Whether an entry is long or short, retype it exactly.

::::

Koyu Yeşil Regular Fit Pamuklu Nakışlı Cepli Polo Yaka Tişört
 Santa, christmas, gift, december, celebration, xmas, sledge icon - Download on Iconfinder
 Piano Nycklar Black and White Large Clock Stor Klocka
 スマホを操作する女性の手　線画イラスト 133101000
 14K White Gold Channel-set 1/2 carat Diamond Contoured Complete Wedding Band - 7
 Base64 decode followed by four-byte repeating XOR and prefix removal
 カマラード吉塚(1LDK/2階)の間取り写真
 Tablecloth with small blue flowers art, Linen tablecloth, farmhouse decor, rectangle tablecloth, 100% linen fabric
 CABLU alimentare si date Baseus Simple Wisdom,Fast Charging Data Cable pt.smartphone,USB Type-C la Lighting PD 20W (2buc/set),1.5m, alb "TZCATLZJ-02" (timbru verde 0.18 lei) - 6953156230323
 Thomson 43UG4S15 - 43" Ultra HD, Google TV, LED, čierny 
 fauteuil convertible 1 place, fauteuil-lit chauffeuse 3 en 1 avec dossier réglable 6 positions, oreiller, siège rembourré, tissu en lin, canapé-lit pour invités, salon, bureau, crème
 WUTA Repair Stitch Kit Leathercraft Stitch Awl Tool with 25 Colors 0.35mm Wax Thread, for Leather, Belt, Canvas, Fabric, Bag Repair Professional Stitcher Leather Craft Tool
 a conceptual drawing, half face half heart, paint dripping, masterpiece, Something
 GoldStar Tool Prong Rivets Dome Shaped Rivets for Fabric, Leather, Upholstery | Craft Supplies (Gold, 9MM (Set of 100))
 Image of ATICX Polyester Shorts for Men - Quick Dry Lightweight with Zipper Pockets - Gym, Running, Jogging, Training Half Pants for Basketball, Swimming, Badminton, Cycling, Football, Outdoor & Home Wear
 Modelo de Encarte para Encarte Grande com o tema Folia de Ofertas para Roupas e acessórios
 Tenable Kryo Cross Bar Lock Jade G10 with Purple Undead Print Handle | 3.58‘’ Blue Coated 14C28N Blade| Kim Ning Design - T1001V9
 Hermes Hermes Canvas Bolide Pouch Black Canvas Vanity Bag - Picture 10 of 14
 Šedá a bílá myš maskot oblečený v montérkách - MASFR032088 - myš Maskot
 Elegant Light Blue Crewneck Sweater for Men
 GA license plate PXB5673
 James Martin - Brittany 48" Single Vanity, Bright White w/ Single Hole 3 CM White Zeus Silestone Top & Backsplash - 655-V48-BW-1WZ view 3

::::

### Task solution
Koyu Yeşil Regular Fit Pamuklu Nakışlı Cepli Polo Yaka Tişört
 Santa, christmas, gift, december, celebration, xmas, sledge icon - Download on Iconfinder
 Piano Nycklar Black and White Large Clock Stor Klocka
 スマホを操作する女性の手　線画イラスト 133101000
 14K White Gold Channel-set 1/2 carat Diamond Contoured Complete Wedding Band - 7
 Base64 decode followed by four-byte repeating XOR and prefix removal
 カマラード吉塚(1LDK/2階)の間取り写真
 Tablecloth with small blue flowers art, Linen tablecloth, farmhouse decor, rectangle tablecloth, 100% linen fabric
 CABLU alimentare si date Baseus Simple Wisdom,Fast Charging Data Cable pt.smartphone,USB Type-C la Lighting PD 20W (2buc/set),1.5m, alb "TZCATLZJ-02" (timbru verde 0.18 lei) - 6953156230323
 Thomson 43UG4S15 - 43" Ultra HD, Google TV, LED, čierny 
 fauteuil convertible 1 place, fauteuil-lit chauffeuse 3 en 1 avec dossier réglable 6 positions, oreiller, siège rembourré, tissu en lin, canapé-lit pour invités, salon, bureau, crème
 WUTA Repair Stitch Kit Leathercraft Stitch Awl Tool with 25 Colors 0.35mm Wax Thread, for Leather, Belt, Canvas, Fabric, Bag Repair Professional Stitcher Leather Craft Tool
 a conceptual drawing, half face half heart, paint dripping, masterpiece, Something
 GoldStar Tool Prong Rivets Dome Shaped Rivets for Fabric, Leather, Upholstery | Craft Supplies (Gold, 9MM (Set of 100))
 Image of ATICX Polyester Shorts for Men - Quick Dry Lightweight with Zipper Pockets - Gym, Running, Jogging, Training Half Pants for Basketball, Swimming, Badminton, Cycling, Football, Outdoor & Home Wear
 Modelo de Encarte para Encarte Grande com o tema Folia de Ofertas para Roupas e acessórios
 Tenable Kryo Cross Bar Lock Jade G10 with Purple Undead Print Handle | 3.58‘’ Blue Coated 14C28N Blade| Kim Ning Design - T1001V9
 Hermes Hermes Canvas Bolide Pouch Black Canvas Vanity Bag - Picture 10 of 14
 Šedá a bílá myš maskot oblečený v montérkách - MASFR032088 - myš Maskot
 Elegant Light Blue Crewneck Sweater for Men
 GA license plate PXB5673
 James Martin - Brittany 48" Single Vanity, Bright White w/ Single Hole 3 CM White Zeus Silestone Top & Backsplash - 655-V48-BW-1WZ view 3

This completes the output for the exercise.